英単語帳には「普通の単語帳」と「長文型の単語帳」があります。そして、人によっては「長文型の単語帳」を使って覚えた方がいいという人もいます。(代表的なのが「速読英単語 必修編」などがあります。

しかし、最初のうちは「普通の単語帳」を使って覚えるべきです。それは、単語を覚えることに専念できるからです。意味が十分に分からないうちに(語彙力のないうちに)長文型の単語帳を使うことは非常に非効率です。

ある程度単語力をつけ、さらに語彙力をつけたい場合や長文に慣れたい人は「長文型の単語帳」を使っていくようにしましょう。

・英単語はすぐに忘れるものと心得ること!

・忘れてもめげずに繰り返し復習をすること!

・おすすめの英単語帳は「FORMULA英単語1700」!

⑥とよはし練成塾での指導法は?

先生
先生
とよはし練成塾での英単語の指導法について紹介します。

とよはし練成塾では、大学受験を中心に学習する生徒や推薦入試を目指して定期テストの勉強に力を入れている生徒など、様々な学生が在籍しています。

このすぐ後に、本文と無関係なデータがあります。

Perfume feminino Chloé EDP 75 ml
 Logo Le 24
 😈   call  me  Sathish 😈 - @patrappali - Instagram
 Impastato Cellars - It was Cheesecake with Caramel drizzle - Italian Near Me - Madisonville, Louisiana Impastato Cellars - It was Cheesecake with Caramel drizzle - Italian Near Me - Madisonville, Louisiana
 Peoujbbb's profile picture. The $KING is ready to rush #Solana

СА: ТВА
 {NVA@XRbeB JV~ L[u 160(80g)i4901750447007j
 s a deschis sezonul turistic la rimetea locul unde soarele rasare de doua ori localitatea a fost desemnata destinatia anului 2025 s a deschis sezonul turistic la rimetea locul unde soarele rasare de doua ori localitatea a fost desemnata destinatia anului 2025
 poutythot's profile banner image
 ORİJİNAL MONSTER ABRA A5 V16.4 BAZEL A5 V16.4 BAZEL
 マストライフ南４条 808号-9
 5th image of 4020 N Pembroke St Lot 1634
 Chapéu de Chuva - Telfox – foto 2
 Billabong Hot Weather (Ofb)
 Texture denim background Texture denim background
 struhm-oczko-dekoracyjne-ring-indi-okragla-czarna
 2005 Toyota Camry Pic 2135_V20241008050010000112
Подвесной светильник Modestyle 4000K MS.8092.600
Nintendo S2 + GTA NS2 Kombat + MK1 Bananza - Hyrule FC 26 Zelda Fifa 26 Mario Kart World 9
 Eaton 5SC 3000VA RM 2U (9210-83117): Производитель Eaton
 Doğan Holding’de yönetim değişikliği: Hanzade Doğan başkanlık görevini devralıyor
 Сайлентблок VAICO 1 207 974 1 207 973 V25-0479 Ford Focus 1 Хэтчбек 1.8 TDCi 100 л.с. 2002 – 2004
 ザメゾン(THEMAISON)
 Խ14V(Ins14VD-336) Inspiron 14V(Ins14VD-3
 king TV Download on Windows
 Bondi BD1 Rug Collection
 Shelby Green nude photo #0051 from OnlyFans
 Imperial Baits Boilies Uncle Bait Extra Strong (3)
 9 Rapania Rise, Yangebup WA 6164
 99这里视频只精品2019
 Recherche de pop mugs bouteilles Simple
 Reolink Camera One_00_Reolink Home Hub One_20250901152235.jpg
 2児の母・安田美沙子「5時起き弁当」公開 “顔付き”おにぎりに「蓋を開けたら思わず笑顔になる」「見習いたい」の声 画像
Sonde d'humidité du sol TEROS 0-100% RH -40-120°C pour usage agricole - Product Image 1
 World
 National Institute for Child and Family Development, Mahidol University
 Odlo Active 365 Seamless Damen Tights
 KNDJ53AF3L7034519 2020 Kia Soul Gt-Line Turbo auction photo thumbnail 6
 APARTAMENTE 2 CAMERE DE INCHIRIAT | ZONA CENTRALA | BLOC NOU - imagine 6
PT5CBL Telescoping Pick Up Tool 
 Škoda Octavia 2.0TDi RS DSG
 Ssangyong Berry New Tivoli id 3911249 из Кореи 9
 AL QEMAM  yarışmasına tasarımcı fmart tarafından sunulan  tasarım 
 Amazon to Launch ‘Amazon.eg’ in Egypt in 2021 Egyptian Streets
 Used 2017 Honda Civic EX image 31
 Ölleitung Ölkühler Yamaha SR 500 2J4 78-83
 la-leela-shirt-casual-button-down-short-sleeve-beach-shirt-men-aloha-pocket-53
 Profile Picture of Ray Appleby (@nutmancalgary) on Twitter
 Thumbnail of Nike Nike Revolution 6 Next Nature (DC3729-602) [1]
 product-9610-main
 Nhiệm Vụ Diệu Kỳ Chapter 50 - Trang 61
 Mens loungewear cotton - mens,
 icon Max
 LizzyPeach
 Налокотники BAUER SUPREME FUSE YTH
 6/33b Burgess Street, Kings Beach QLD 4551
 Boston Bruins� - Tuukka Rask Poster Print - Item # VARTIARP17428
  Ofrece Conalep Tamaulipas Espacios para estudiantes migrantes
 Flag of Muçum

その中で国公立大学や難関私立大学を受験する生徒には、入塾してからすぐに英単語の宿題を出します。(目標は高3に入るまでに入試レベルの英単語を身に付けることです。)

やり方は、

1.「知っている単語」と「知らない単語」に分ける

2.「知らない単語」をノートに書きこむ

3.声に出して覚える(覚えにくい所を重点的に覚える)

4.ストップウォッチを使って「30単語を40秒」で言えるように練習する

5.講師がタイムを測定する(途中でつまづいたら再度暗記をする)

といった流れとなっています。ただ、最初の授業はやり方を伝えるために、授業内で上の1~5のことをやっていきます。

設定タイムは本来「30単語を30秒」ですが、最初のうちは「30単語を40~50秒」にしています。そうしないといつまでたっても次に移ることができないからです。何回か反復して行ううちに少しずつ、「30単語30秒」に近づけばOKとしています。

また、2週目以降は宿題で出したものができているかどうかをチェックします。ただ、ほとんどの生徒は完璧に覚えることができません。そのため、最初の一か月は単語の暗記方法を身につけることを行っていきます。

英単語が瞬間的に言えるようになれば、次に英文法や長文読解の授業に切り替えていきます。